Certainly the United States Senate Committee on Foreign Relations, when it recommended the ratification of the Convention, seemed to hold the view that plants were not automatically covered through the listing of their chemical components. The Committee's report stated that:

Since mescaline, a derivative of the peyote cactus, is included in Schedule I of the Convention, and since the inclusion of peyote itself as an hallucinogenic substance is possible in the future, the Committee accepted the Administration's recommendation that the instrument of ratification include a reservation with respect to peyote harvested and distributed for use by the Native American Church in its religious rites.


 
S. Exec. Rept. No. 96-29, Convention on Psychotropic Substances, 96th Cong., 2d. Sess., at 4 (1980).

In addition, the Plaintiffs provide examples of how, in operation, the treaty seems to reflect the understanding that the listing of a hallucinogenic chemical does not imply the listing of a plant containing that chemical. While the United [**93]  States made a reservation for the use of peyote by the Native American Church within this country, under Article 32(4), it did not make a reservation to export peyote for use by religious groups in other countries. However, the United States apparently permits the exportation of peyote to Native American Church groups in Canada. See 37 Tex. Admin. Code §§ 13.81-87 ; Exh. T to Pltf. Reply (list of Canadian Native American Church organizations registered with the Texas Department of Public Safety.) Exportation of a Schedule I substance for other than scientific or medical purposes would appear to violate the Convention, in the absence of a reservation. The conduct of the parties to the Convention, concerning the export of peyote, therefore suggests that peyote is not a scheduled substance, although mescaline is.
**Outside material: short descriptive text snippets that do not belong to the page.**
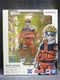 S.H.Figuarts Naruto : Naruto Uzumaki The No. 1 Most Unpredictable Ninja Bandai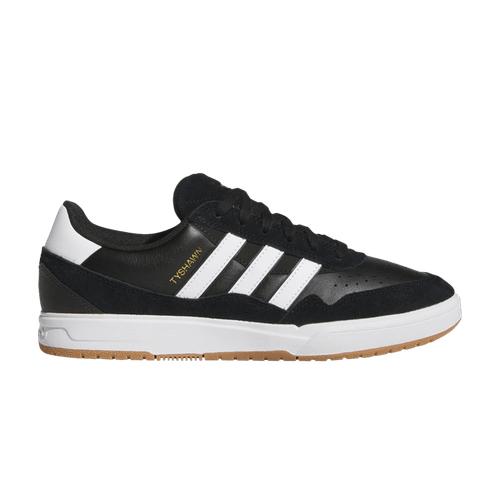 adidas Tyshawn 2 Черный Белый Гам - JI0846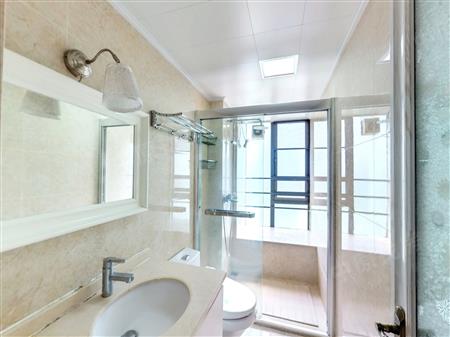 中信红树湾花城南区-卫生间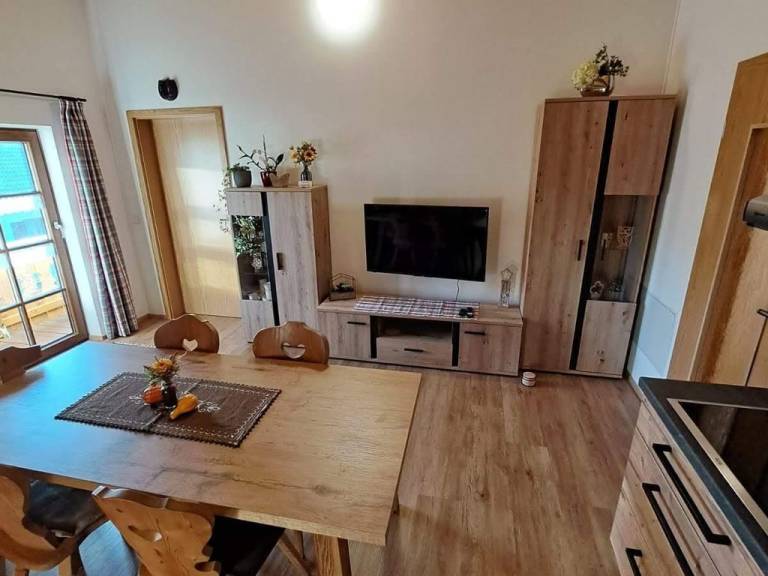 Ferienwohnung Unterammergau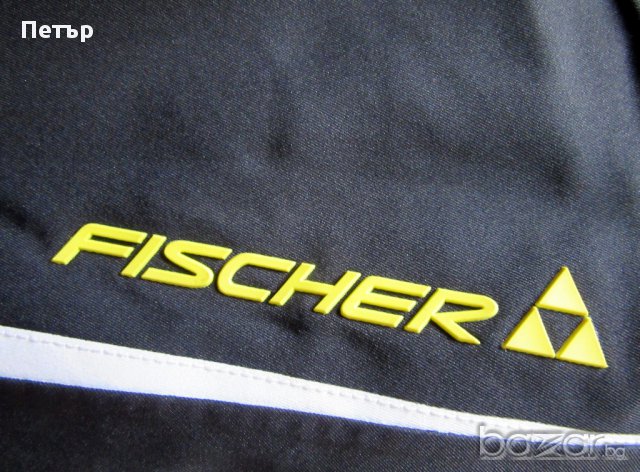 FISCHER-Ски/Сноуборд гащеризон,unisex, снимка 3 - Спортни дрехи, екипи - 12585774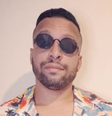 Ton Ferreira foi visto pela última vez na última sexta-feira, 5.  Foto: Reprodução/Instagram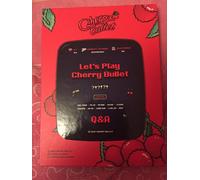 Let's Play Cherry Bullet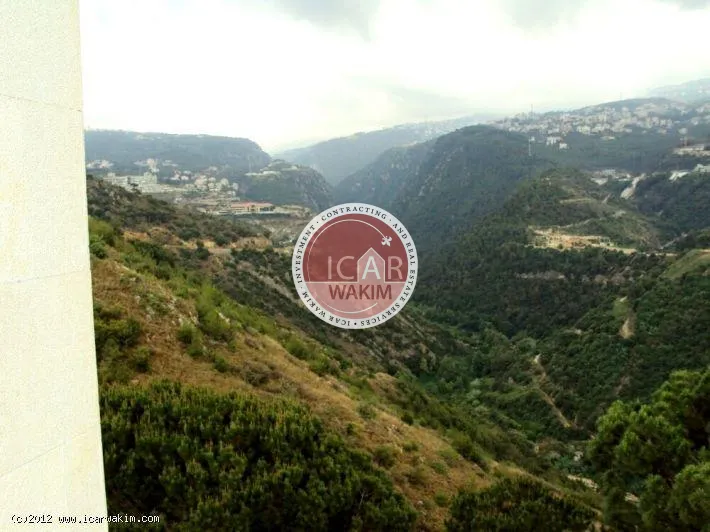 Apartment for Sale in Jeita
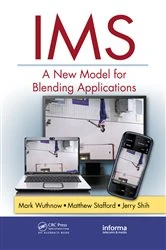 Book cover of IMS by Mark Wuthnow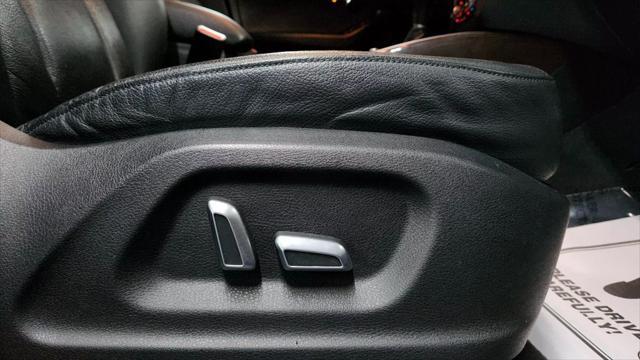 used 2015 Audi Q5 car, priced at $13,704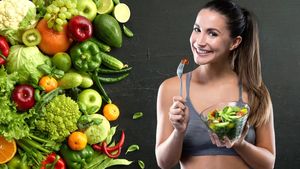 রোজ এই ৭ খাবার খেলেই সুস্থ থাকবেন সারা বছর!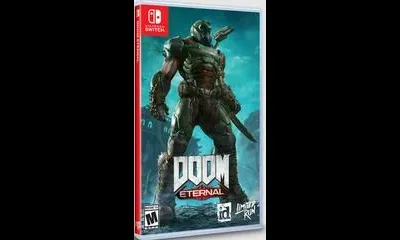Doom Eternal [Limited Run]
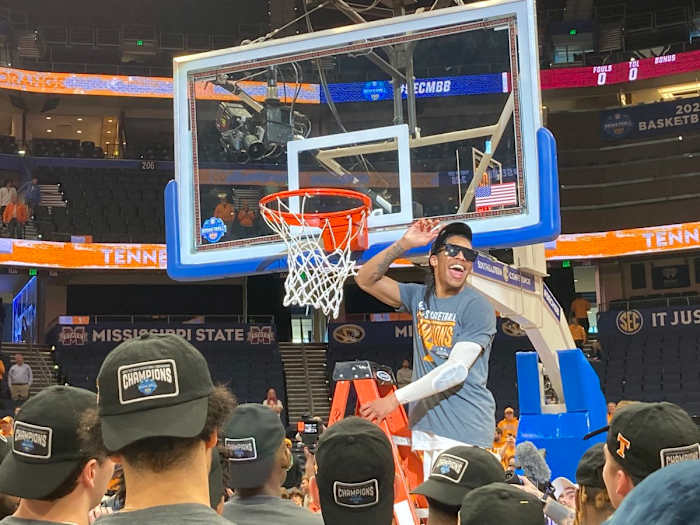 Photo Credit: Ryan Schumpert of Rocky Top Insider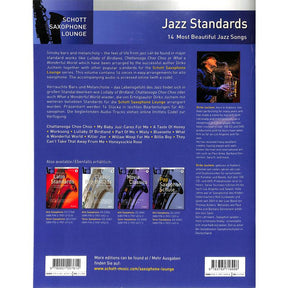 Jazz Standards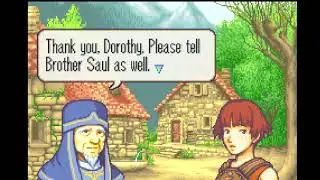 The Grip Of Failure | Fire Emblem 6 (Part 3)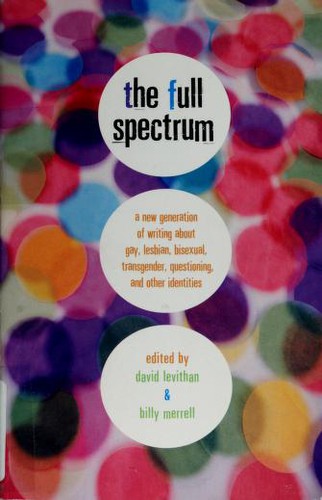 Cover of The Full Spectrum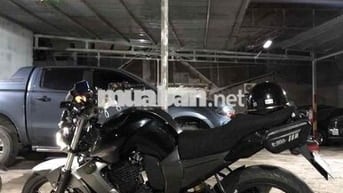 Yamaha FZ-S 150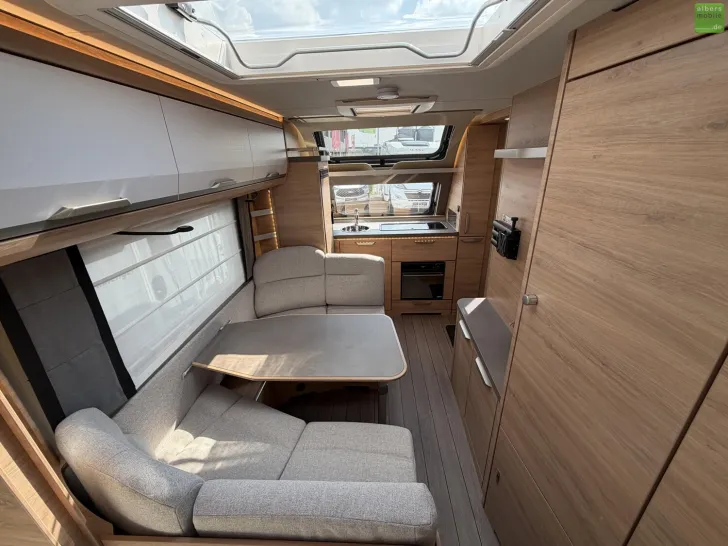 Fahrzeugbild Knaus Südwind BLACK SELECTION 500 PF Backofen ATC 2026 #25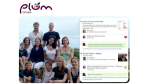Facebook war zu teuer?: Nokia pflückt sich Micro-Sharing-Dienst Plum - Foto: Plum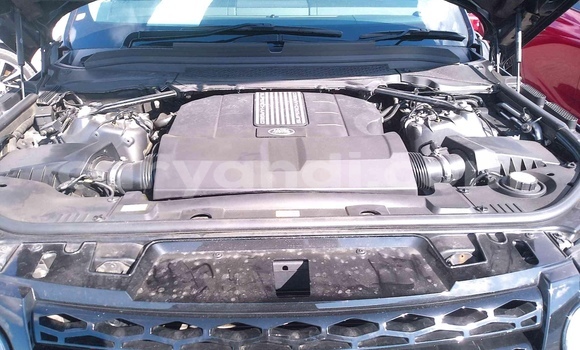 Acheter Occasion Voiture Land Rover Range Rover Sport Blanc à Lusaka, Zambie Acheter Occasion Voiture Land Rover Range Rover Sport Blanc à Lusaka, Zambie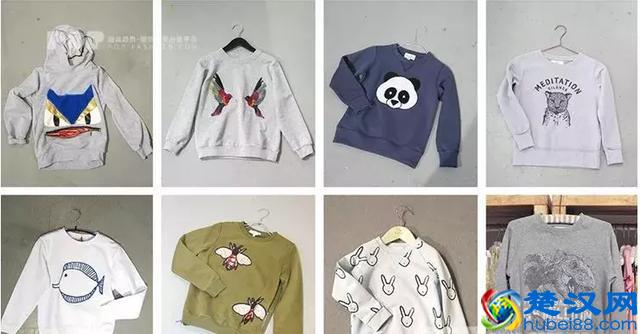 2019年开童装店卖什么款式的衣服？聪明故事带你分析春夏流行趋势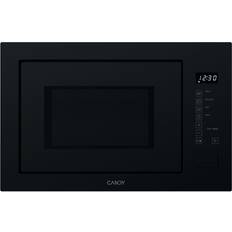 Candy Microwave Ovens Candy CA38FL7N25WXBUK Built In Microwave 25 Litre
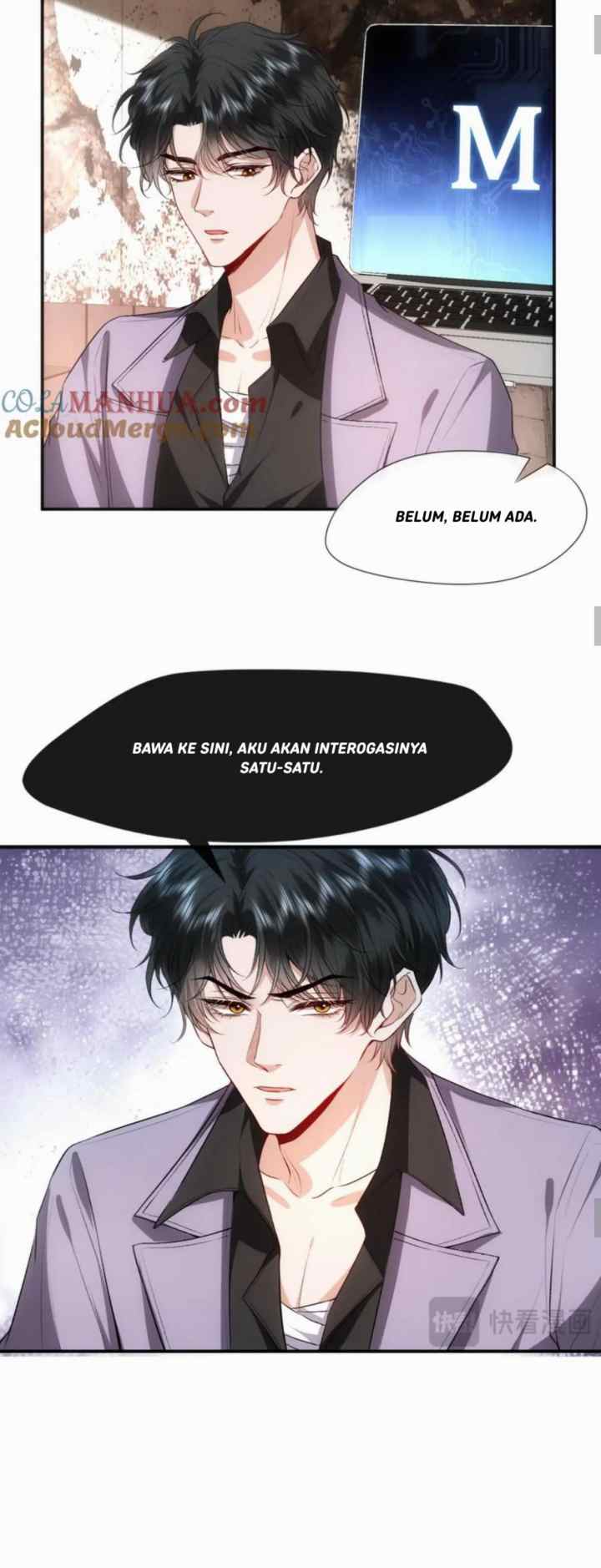 Madam and Her Daily Online Face-Slapping chapter 69 halaman 13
The Plaintiffs present a very persuasive analysis as to why plants containing hallucinogenic chemicals are not necessarily covered within Schedule I of the Convention. As the Defendants have emphasized, though, and as this Court noted above, the treaty contains special provisions regarding preparations: "a preparation is subject to the same measures of control as the psychotropic [**94]  substance which it contains." Article 3(1). In applying the treaty to hoasca, it would be possible to conclude that even if Schedule I does not cover psychotria viridis- the plant component of hoasca that contains DMT- Schedule I does extend to hoasca tea under the treaty's "preparation" provision. To counter this proposition, the Plaintiffs have offered strong arguments concerning why, if the treaty does not extend to psychotria viridis, the treaty would not extend to a tea made from a combination of psychotria viridis and another plant.

First, the Plaintiffs rely on the statement in the Commentary to the Convention, quoted above, that "the inclusion in Schedule I of the active principle of a substance does not mean that the substance itself is also included therein if it is a substance clearly distinct from the substance  [*1269]  constituting its active principle." Commentary, at 387. The Plaintiffs maintain that hoasca is clearly distinct from DMT, just as psychotria viridis is, and that there are no indications that the tea-making process produces a chemical separation of DMT.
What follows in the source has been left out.